The team's offense was jolted in a different direction, perhaps permanently, when Teddy Bridgewater injured his left knee on Aug. 30. And after the Vikings traded for Sam Bradford on Sept. 3 (in part because of Shurmur's insight on the quarterback), they effectively hitched their fortunes to the quarterback for the immediate future. If the Vikings were going to move forward with Bradford as their starter -- as both his contract and coach Mike Zimmer's words last week suggested -- it only made sense to keep the coordinator who had worked with Bradford the most.
But the move also gives the Vikings a chance to establish something they've sought at various points since Brett Favre left town: an offensive identity.
At their best moments in the last six seasons, the Vikings have rooted their offense on Adrian Peterson, counting on the running back both to close out games and provide the big plays they often lacked from their passing offense. It worked in 2012, when Peterson ran for 1,353 yards in the final eight games -- a figure that still seems to defy explanation -- and carried the Vikings to the playoffs despite Percy Harvin's ankle injury and Christian Ponder's limitations. It worked again in 2015, when Peterson, a stout defense, and a competent Bridgewater helped the Vikings go 11-5.
In between those two playoff seasons, though -- and sometimes even during them -- the Vikings have worked to define themselves on offense. They went from Donovan McNabb to Ponder in 2011, endured the three-ring Ponder-Matt Cassel-Josh Freeman circus in 2013, lost Cassel five days after Peterson was barred from the field in 2014 and tried to broker the sometimes-clumsy fit between Peterson and Bridgewater in 2015. Even in 2016, after the Vikings acquired Bradford, they shuttled between the concepts Shurmur had previously used with the quarterback and the ones Norv Turner preferred until Turner resigned on Nov. 2. The Vikings have too often seemed a collection of mismatched parts on offense, and they haven't ranked better than 14th in scoring offense since 2009, when they finished second.
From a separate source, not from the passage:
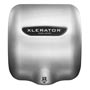 Excel XLERATOR® Hand Dryer 208-277V, Brushed Stainless Steel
There's no guarantee that the Shurmur-Bradford pairing, now that it seems etched in something more than pencil, will boost the Vikings' offense back into the top 10 of the league. They still ranked only 23rd in the league in scoring after Shurmur took over, according to ESPN Stats and Information, and they'll have to answer major questions about the composition of the offensive line, the future of Peterson in Minnesota, the sufficiency of their playmakers and the role Bridgewater would play if he recovers from his knee injury. But as the Vikings move forward with the quarterback they acquired in September, and the coordinator he's played for in three cities, they at least appear to be moving toward something more cogent. Shurmur will get an offseason to design the scheme, rather than make incremental adjustments in the middle of the season, and Bradford will continue a partnership with the coordinator who knows him best.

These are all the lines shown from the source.